# Action item
Exactly as they appear, retype the lines from the one containing "Used Chanel White" through the final line of the data below. Leave pictures out.

_ _ _ _ _

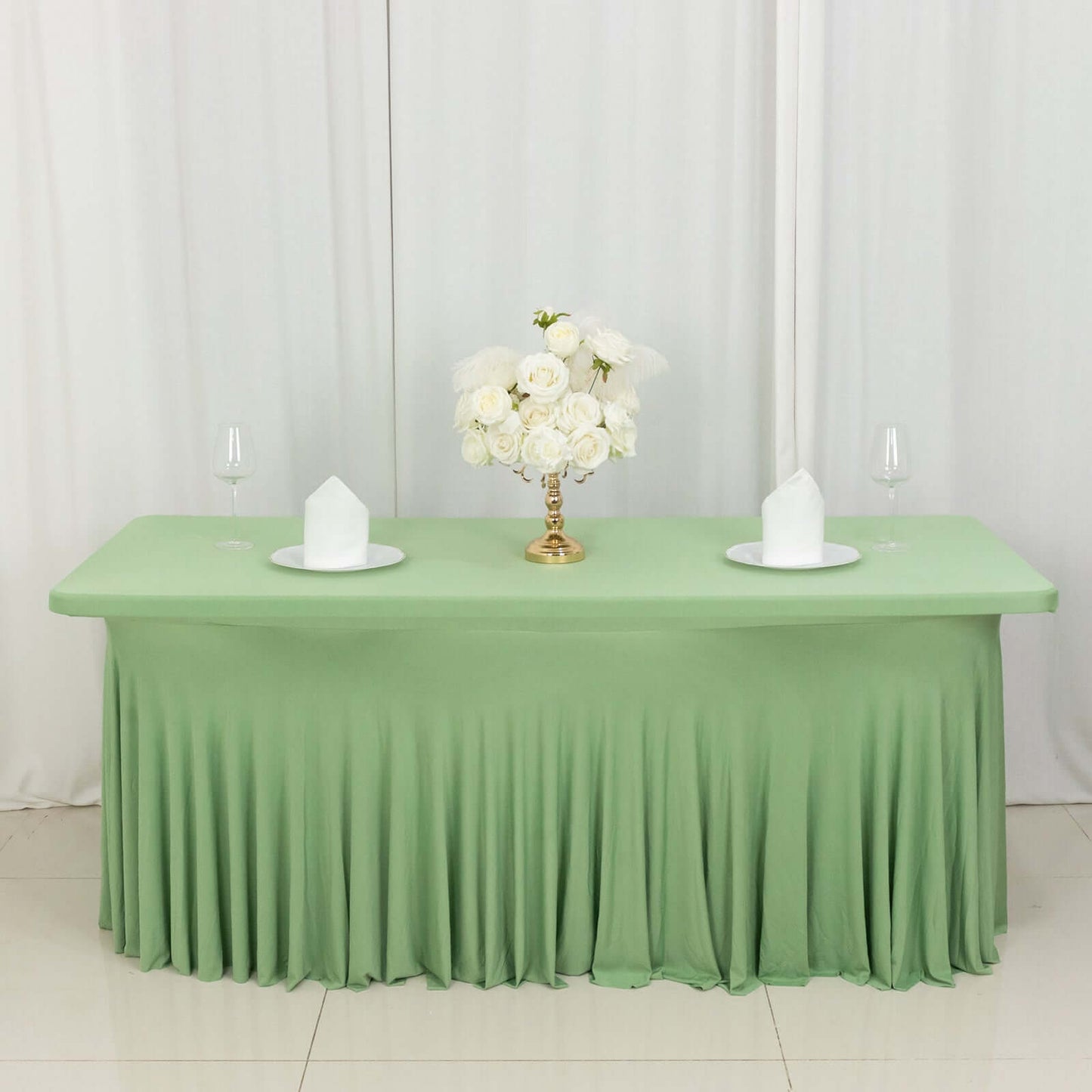 Spandex Rectangle 72"x30" Table Skirt Sage Green with Wavy Skirt-Like Effect Table Cover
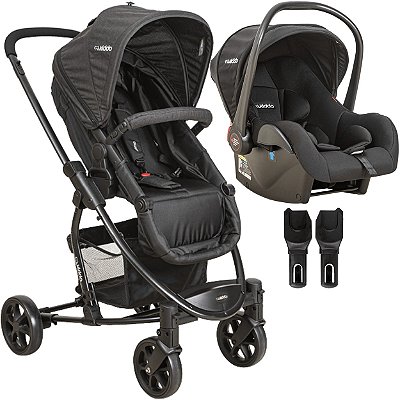 Carrinho de Bebe Moises com Bebe Conforto Kiddo Prima Preto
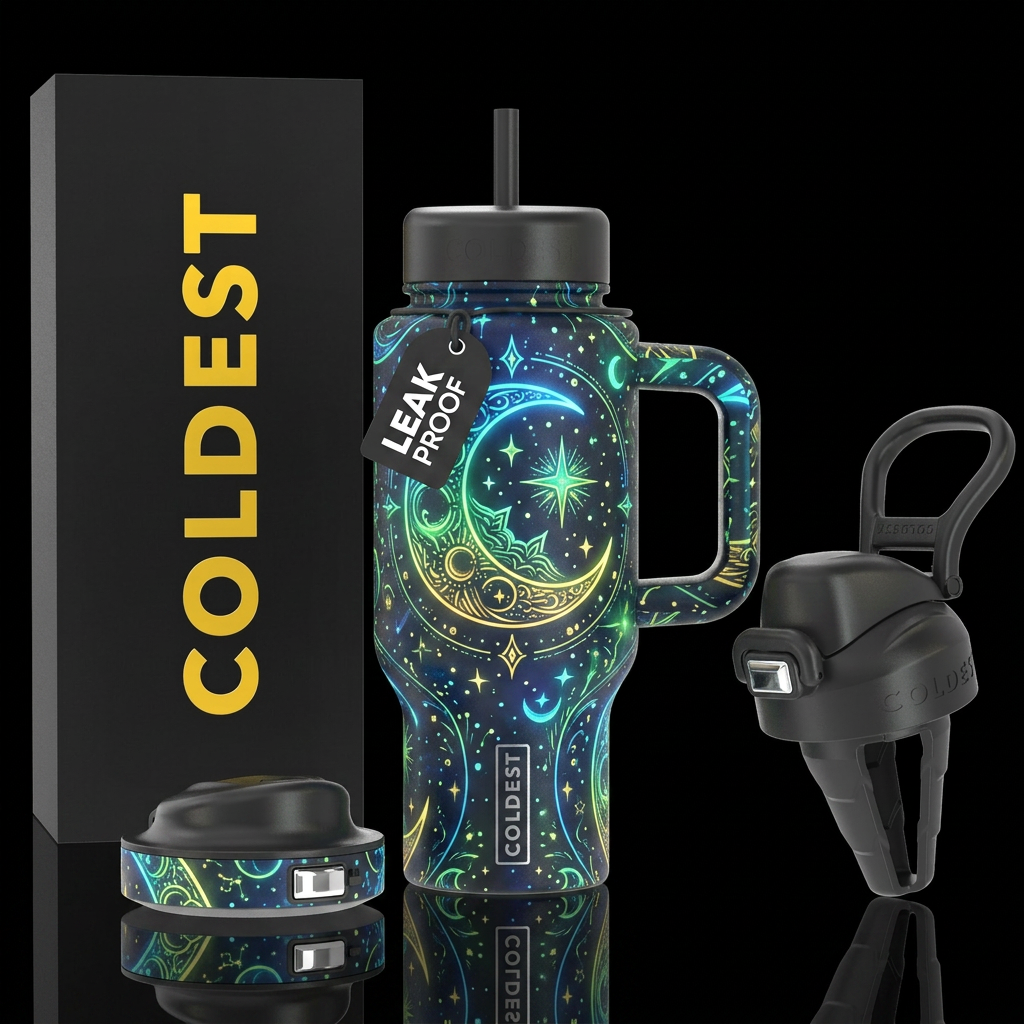 Neon moon water bottle design
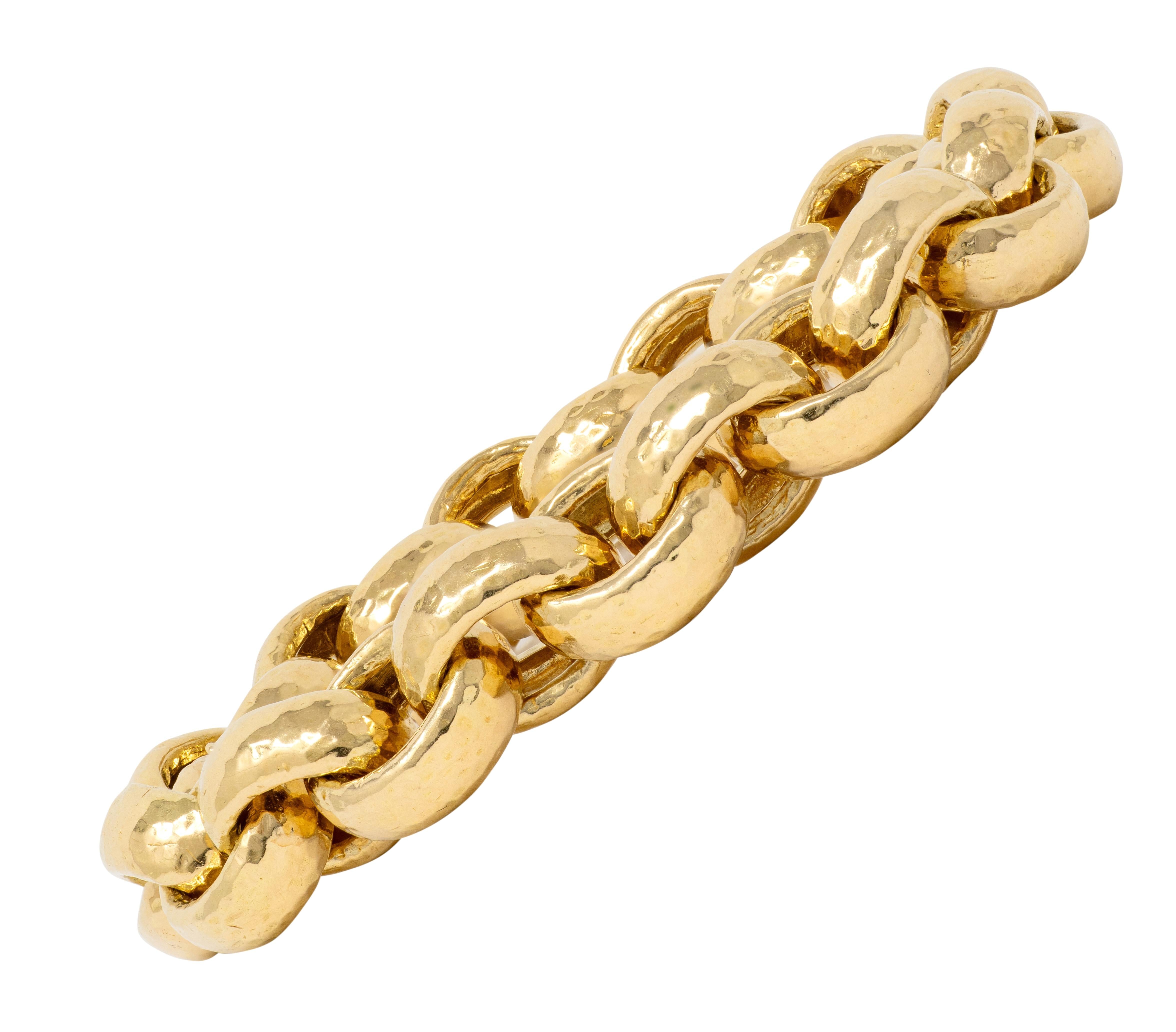 Valentin Magro 1990's 18 Karat Yellow Gold Vintage Hammered Rollo Link Bracelet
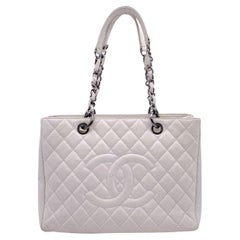 Used Chanel White Quilted Caviar Leather GST Grand Shopping Tote Bag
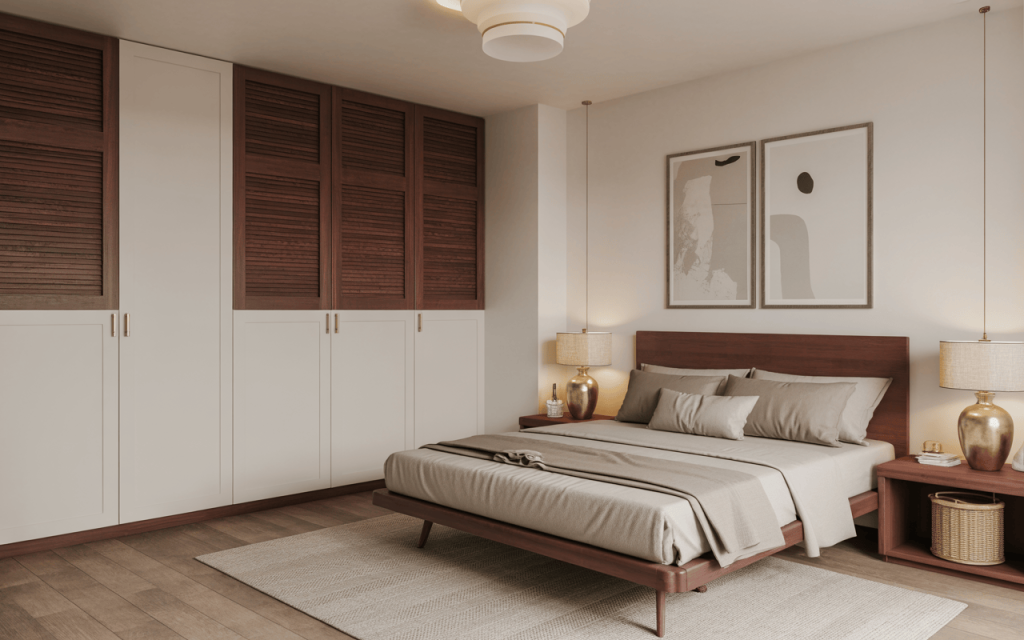 Modern latest bedroom almirah designs with dual-tone shutters in a cozy interior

_ _ _ _ _

# Task answer
 Used Chanel White Quilted Caviar Leather GST Grand Shopping Tote Bag
 Modern latest bedroom almirah designs with dual-tone shutters in a cozy interior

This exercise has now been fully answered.